基本的に、団体戦本番は結界魔法の使用が可能である。そしたら、咲奈の魔法がかなり効果的になってくるだろう。
結界魔法は、本人の能力により発動するものではなく、特殊な道具を魔法士に配られているため、その道具に魔力を通すことで発動できる。魔力の供給量で強さと規模が変わり魔法や物理技を防御できる優れものである。ただ、常に使用していると魔力消費も大きくなるため、相手の攻撃を喰らってしまう瞬間を狙うと良い。
ちなみに、モンスターは防御魔法を使うことはない。 結界魔法は、特殊魔法であるからだ。それを道具として生み出す事に成功し、魔法師は使用できている。
試合終了となり、悠は一番の疑問であった楓馬のところに寄った。
「楓馬、なんでそんな早くギブアップ宣言した?」
「・・」
少し楓馬の沈黙が続いていた。彼は、悠が真剣な眼差しで質問していることに気づき声を小さくしながら語り始めた。
「悠さん、僕は勝てない試合には挑みません。」
悠は、少しの間黙りこけ、深く考えていた。
「という事は、勝てない魔物の討伐時は真っ先に逃げるという事か?」
「勝てない敵がいるなら、そうなります。」
彼の言葉には、ここにいるメンバー達を驚かせた。
魔法士は、命を張る職業であるからこそ高い報酬が支払われる。 自分の命を大切にすることも大切だが、勝てるか分からない時に他の大勢の命を救うために自分の命を懸ける者が大勢の命を救えたりする。特に、S級のゲートになると様々な事態が起こりうる可能性がある。その際に、市民を置いて逃げるような奴は魔法士として失格の烙印を押されてもおかしくは無かった。
決して彼の考えも悪いわけではない。ただ、市民は戦う力がないからこそ自分たちに多額のお金を払い最後の望みとして自分たちに託している。Zionのメンバーが亡くなった事件もそうだが、彼らのお陰で助かった者たちがいることを忘れてはいけない。
「S級だか何だか知らねえけど、託されているんだから命かけろよ。
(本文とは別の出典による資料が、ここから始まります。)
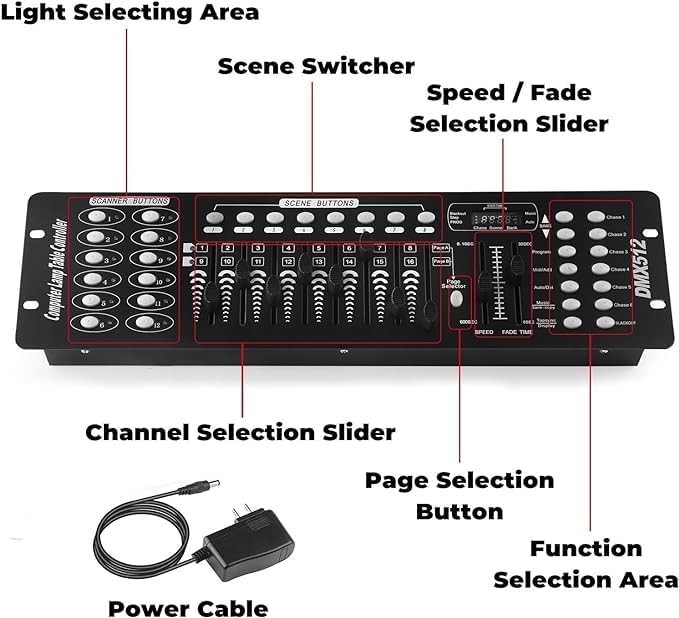 192 DMX Controller Use for Editing Program of Stage Lighting,DMX 512 DJ Contr...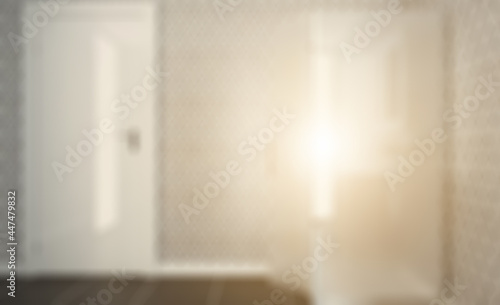 Bokeh blurred phototography.  Modern bathroom including bath and sink. 3D rendering.. Sunset photo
」
宗次郎は、怒りをあらわにしていた。宗一郎がここまでの正義感を持っていると初めて知った。これは彼に対して好感が上がった。
「宗次郎、それは個人の自由だ。どう生きたいかは、好きにすれば良い。」
「ただ、楓馬。すまんが君をS級として認めることは出来なくなってしまった。S級は会社ごと人数が決まっているから、S級ゲートに行けない者をS級として扱う余裕はない。 A級以下に降格してもZionに居たいというのだったら、こちらは喜んで受け入れよう。」
楓馬は、少し暗い表情で涙を数的こぼしていた。
「僕は、今までの会社でS級として戦えないならここには必要ないと言われてきました。僕の考えを少しでも受け入れてくれる人がいるなんて思ってもいませんでした。悠さん、あなたの元で働かせてください。僕は、A級以下の降格でも構いません。」
彼は、最後には笑ってこちらを見つめていた。悠は、彼みたいな者たちが居ることは今まで知らなかった。これからは、一人一人としっかり向き合う必要があると再認識させられた。
彼のこの発言に不満を持っている者も多くいた。ただ、S級の実力者を野放しにしておく方が国としても勿体ない。
「お前の意思を受け入れよう。 楓馬をA級に降格。 今回の魔法競技祭には出さない。基本的にA級以下のゲート対応をしてもらう。」
「ここに居る者達に告げる、彼を不当に扱うことは俺が許さん。」
悠が初めてリーダーとしての人格を表した時だったのかもしれない。この悠の発言に誰も彼に対して否定的な心は持たなくなった。